Calvary
Royaume-Uni, 2014
Avec : Brendan Gleeson
Durée : 1h45
Sortie : 26/11/2014
La vie du père James est brusquement bouleversée par la confession d’un mystérieux membre de sa paroisse, qui menace de le tuer. Alors qu’il s’efforce de continuer à s’occuper de sa fille et d’aider ses paroissiens à résoudre leurs problèmes, le prêtre sent l’étau se refermer inexorablement sur lui, sans savoir s’il aura le courage d’affronter le calvaire très personnel qui l’attend…

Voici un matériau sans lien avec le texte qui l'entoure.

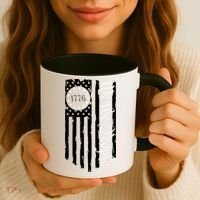 1776 We The People Betsy Ross Flag Patriotic Apparel Coffee Mug thumb 3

CHRONIQUE D’UNE MORT ANNONCÉE
Sans éprouver le besoin d’y aller par quatre chemins, Calvary commence d’emblée par une menace de mort. Dès les premières images et les lignes de dialogues, la sentence est prononcée dans un angoissant anonymat, on a à peine le temps de réaliser que le compte à rebours fatal est déjà lancé. Pas de quoi rire ? Suite à cette ouverture percutante, le scénario prend pourtant un virage pour le moins inattendu: celui d’un humour noir jubilatoire. Un mauvais esprit caustique bienvenu, et qui surprend d’autant plus qu’il est en flagrant décalage avec la forme du film, pour le coup particulièrement classique et même lisse. Loin de la grisaille du cinéma social venu du Royaume-Uni, Calvary propose au contraire des images propres et belles, pleines de couleurs, accompagnées de violons souvent envahissants. John Michael McDonagh est bel et bien britannique, mais sa peinture de la campagne irlandaise est tellement lustrée qu’elle en ferait presque douter. Face à de tels lieux communs (les grippe-sous bougons, les buveurs solitaires, le pub et l’église comme uniques lieux de regroupement social…) filmés sans ironie, on se croirait parfois devant une recréation folklorique pour un parc Disney, ou devant un sketch de French & Saunders. Et cela d’autant plus que la dérision sarcastique disparait progressivement, puis hélas définitivement, laissant place à une emphase ampoulée.
Suite à sa condamnation à mort, le père James choisit de ne pas enquêter. Il fait le tour des habitants du village comme à son habitude, réglant leurs problèmes plutôt que le sien. Le récit prend alors la forme d’une succession de face à face. La structure de son parcours vers sa destinée funeste, au découpage assumé (d’étape en étape, de rencontre en rencontre) vient alors faire écho au Chemin de croix de Dietrich Brüggemann, sorti récemment en salles. Mais la comparaison tourne vite au désavantage de Calvary qui, loin de recréer la subtile tension du film allemand, vire au Cluedo un peu trop pépère. La manière qu’a le film de n’avancer strictement que par le dialogue, où chaque scène de discussion est un bloc en soi, étanche aux autres moments du film, traduit une écriture théâtrale paresseuse, jamais transcendée par la mise en scène. Cette négligence, on pourrait également la reprocher à l’ensemble du casting. Autour de Brendan Gleeson, impeccable, tout le monde semble jouer dans un film différent, dans son propre registre, sans que cela ne soit expliqué. Les personnages déjà stéréotypés se retrouvent joués de manière stéréotypée, et chacun vient jouer sa scène, chacun son tour, puis disparait pour de bon pour laisser la place au suivant, dans un ronde redondante et balourde. La quête de père James aurait pu être métaphysique, comme chez Gabriel Garcia Marquez, si elle n’avait pas été ainsi engourdie par un prosaïsme malhabile, comme le montre un dénouement pataud en forme de simple whodunit.